[v1] procfs: fix missing RCU protection when reading real_parent in do_task_stat()

[PATCH] procfs: fix missing RCU protection when reading real_parent in do_task_stat()

Posted by alexjlzheng@gmail.com 1 week, 3 days ago

From: Jinliang Zheng <alexjlzheng@tencent.com>

When reading /proc/[pid]/stat, do_task_stat() accesses task->real_parent
without proper RCU protection, which leads:

  cpu 0                               cpu 1
  -----                               -----
  do_task_stat
    var = task->real_parent
                                      release_task
                                        call_rcu(delayed_put_task_struct)
    task_tgid_nr_ns(var)
      rcu_read_lock   <--- Too late!
      task_pid_ptr    <--- UAF!
      rcu_read_unlock

This fix adds proper RCU protection similar to getppid() in kernel/sys.c
which correctly uses rcu_dereference() when accessing current->real_parent.

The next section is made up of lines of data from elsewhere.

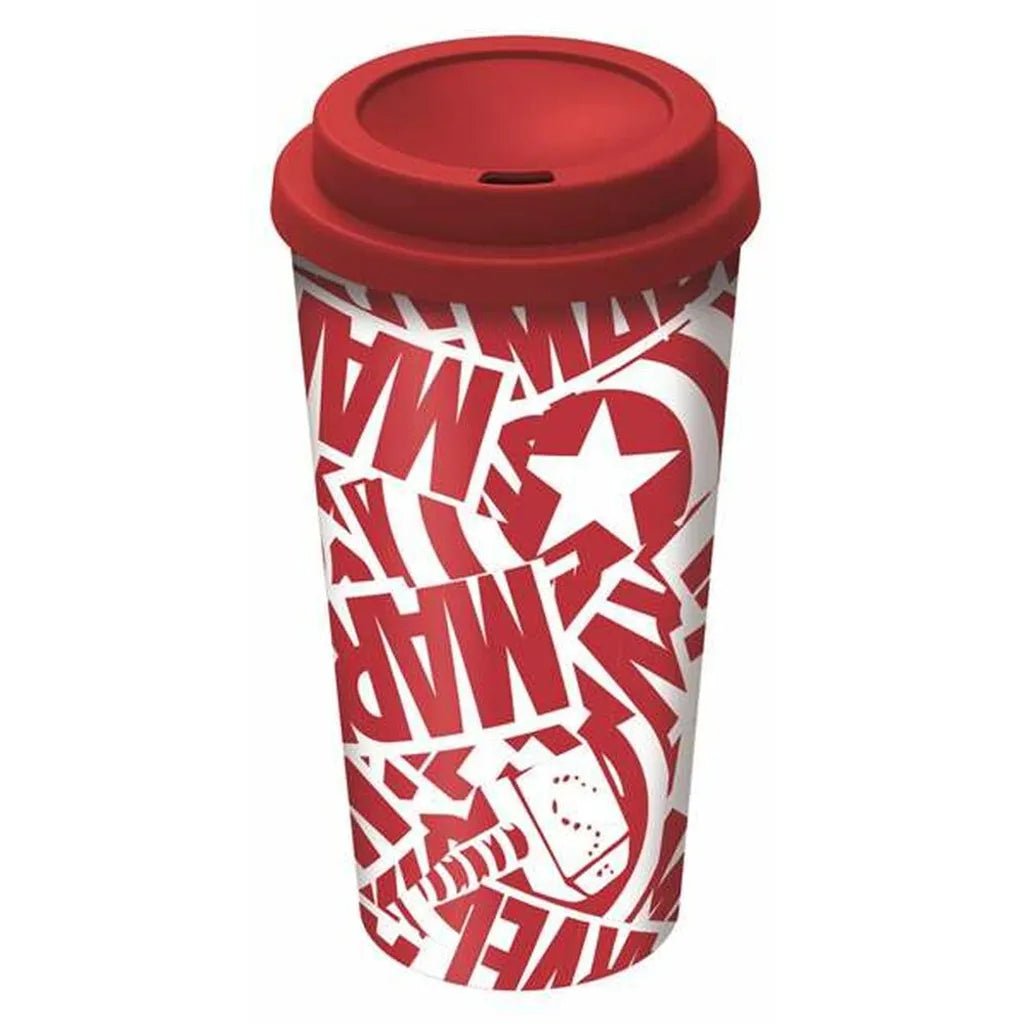 Stor Avegers Icons To-Go-Becher Marvel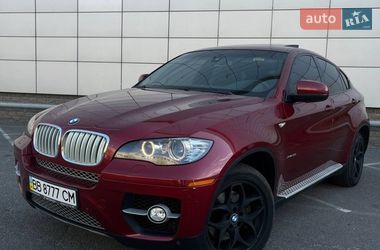 Позашляховик / Кросовер BMW X6 2008 в Києві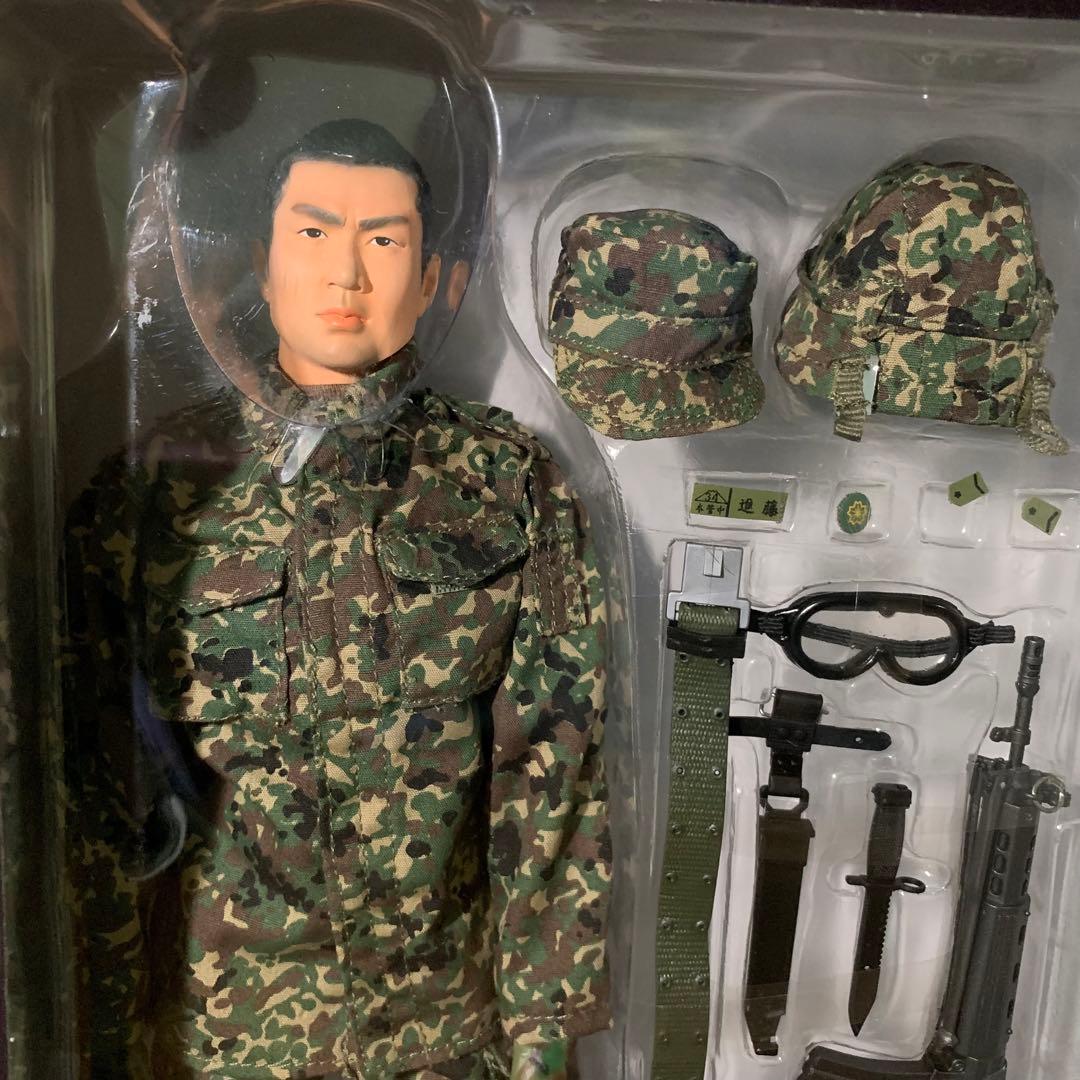 プラッツ / ドラゴン　1/6 陸上自衛隊 普通科隊員 3等陸曹 進藤誠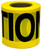 CH Hanson 16100 Barricade Safety Tape, 300 ft L, 3 in W, Yellow, Polyethylene [SKU: ORG5499660]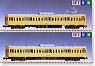 J.N.R. Commuter Train Series 103 (Yellow) 2-Car Additional Set (Model Train)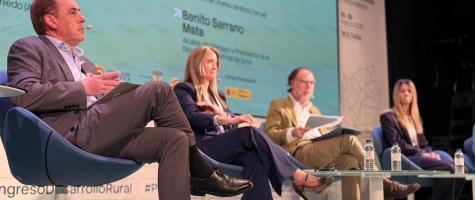 Benito Serrano, presidente Diputación de Soria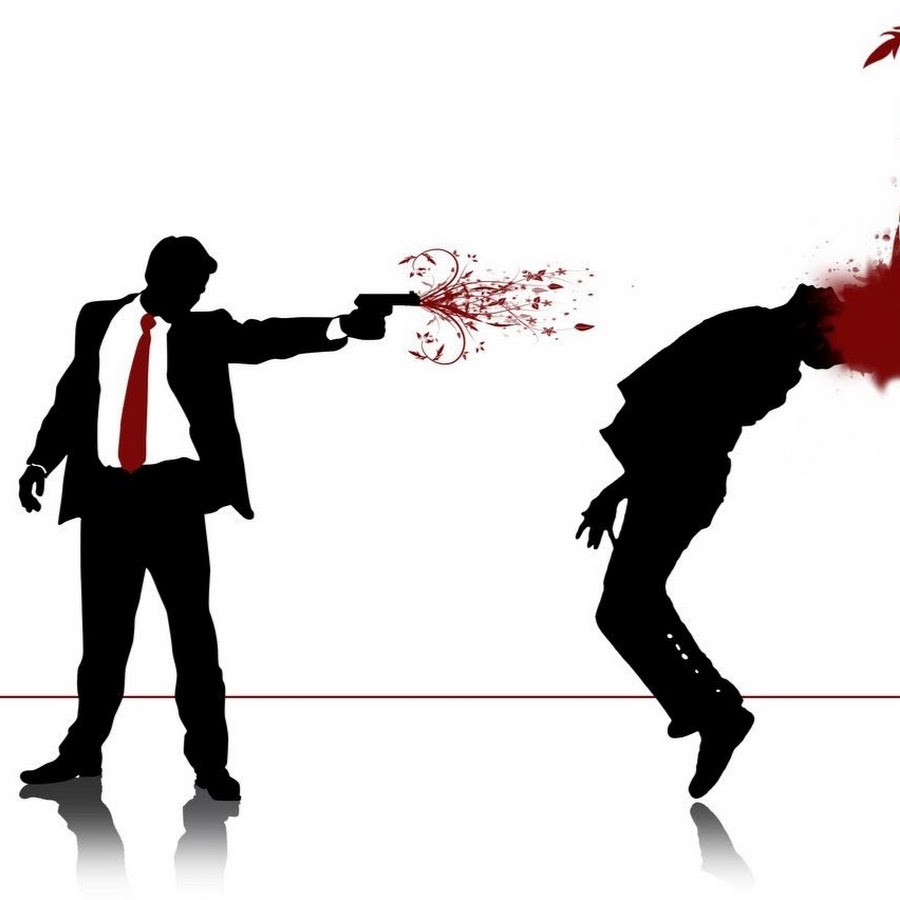 Картинка выстрел в голову прикол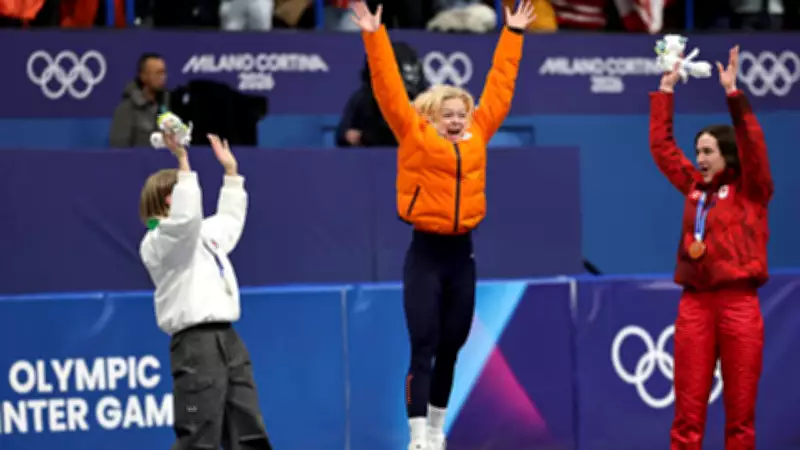 Xandra Velzeboer Wins Second Gold at Milano Cortina 2026 Winter Olympics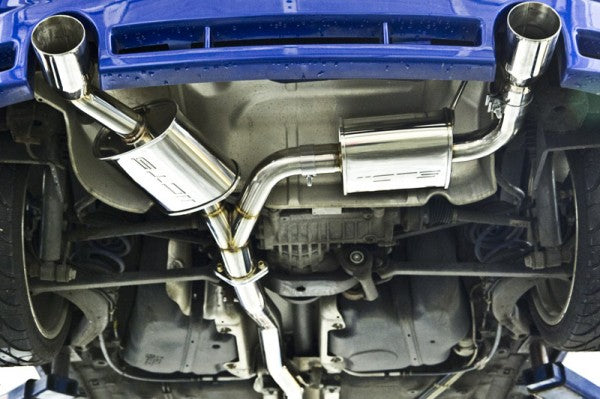 CTS Turbo - VW MK4 R32 3" Cat-back Exhaust - CTS-EXH-CB-0003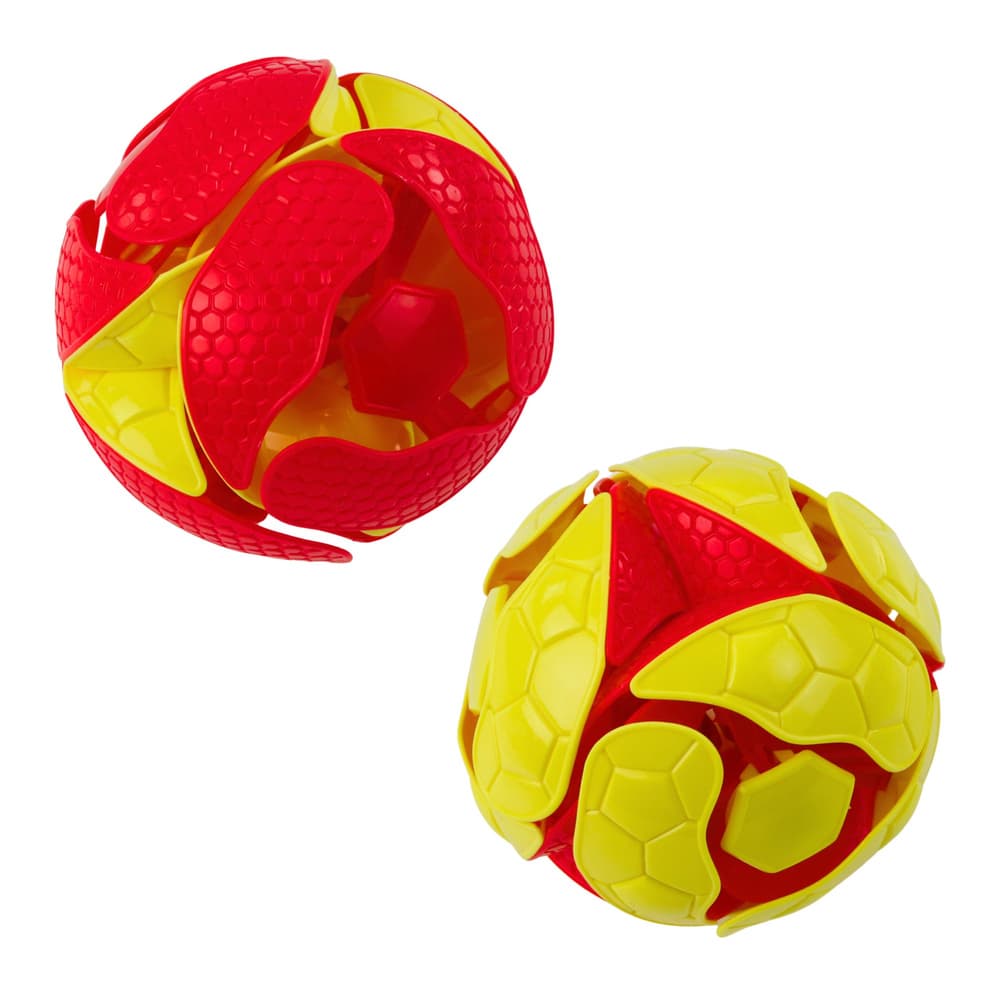 LEAN TOYS Krogla, ki spreminja barvo, 8 cm 4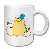 Little Busters! Doruji Color Mug Cup K (Snowman) (Anime Toy) Item picture1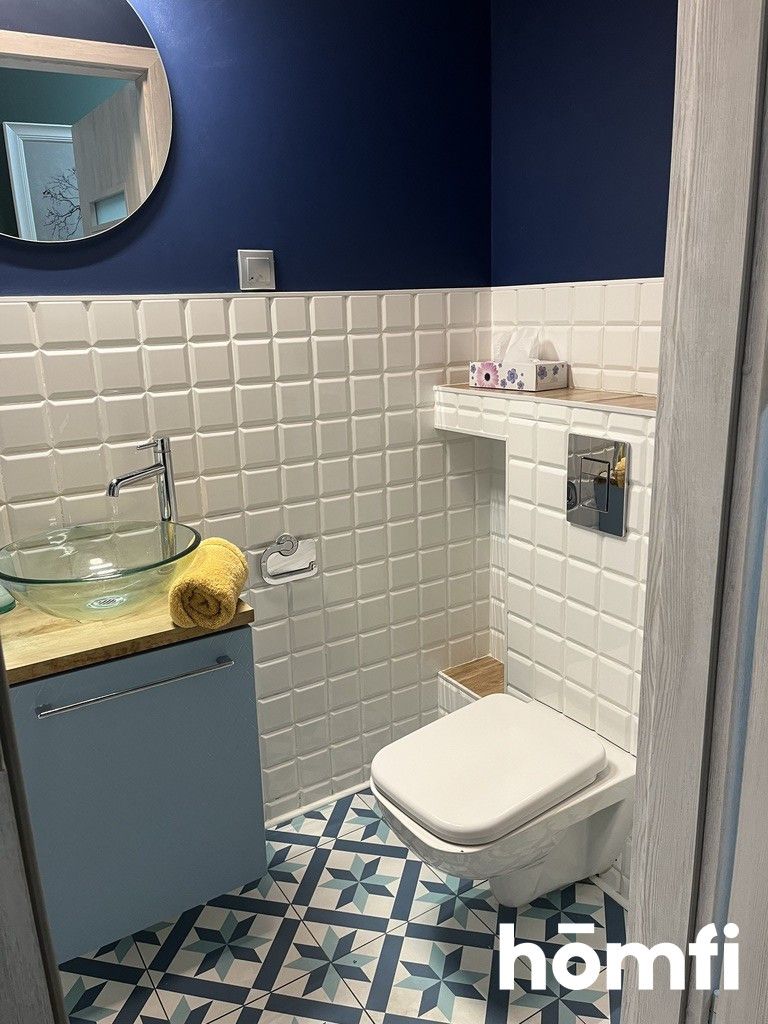 3-pok z loggią | styl skandynawski | SKM O. Wilno - Mieszkanie - Sprzedaż - Warszawa, Targówek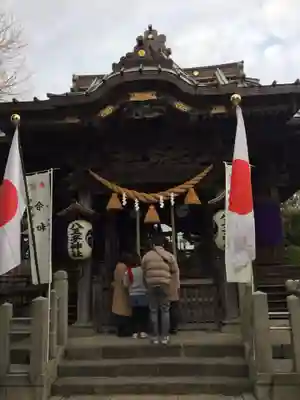 八王子神社の本殿・本堂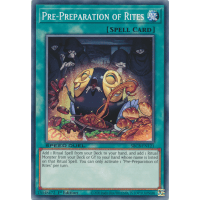 Pre-Preparation of Rites - Starter Deck: Speed Duel - Battle City Box Thumb Nail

Fixes: 06fffb1267c9 ("do_task_stat: don't take rcu_read_lock()")
Signed-off-by: Jinliang Zheng <alexjlzheng@tencent.com>
---
 fs/proc/array.c | 4 +++-
 1 file changed, 3 insertions(+), 1 deletion(-)

diff --git a/fs/proc/array.c b/fs/proc/array.c
index 42932f88141a..3c2eea2c551a 100644
--- a/fs/proc/array.c
+++ b/fs/proc/array.c
@@ -528,7 +528,9 @@ static int do_task_stat(struct seq_file *m, struct pid_namespace *ns,
 		}
 
 		sid = task_session_nr_ns(task, ns);
-		ppid = task_tgid_nr_ns(task->real_parent, ns);
+		rcu_read_lock();
+		ppid = task_tgid_nr_ns(rcu_dereference(task->real_parent), ns);
+		rcu_read_unlock();
 		pgid = task_pgrp_nr_ns(task, ns);
 
 		unlock_task_sighand(task, &flags);
-- 
2.39.3

Re: [PATCH] procfs: fix missing RCU protection when reading real_parent in do_task_stat()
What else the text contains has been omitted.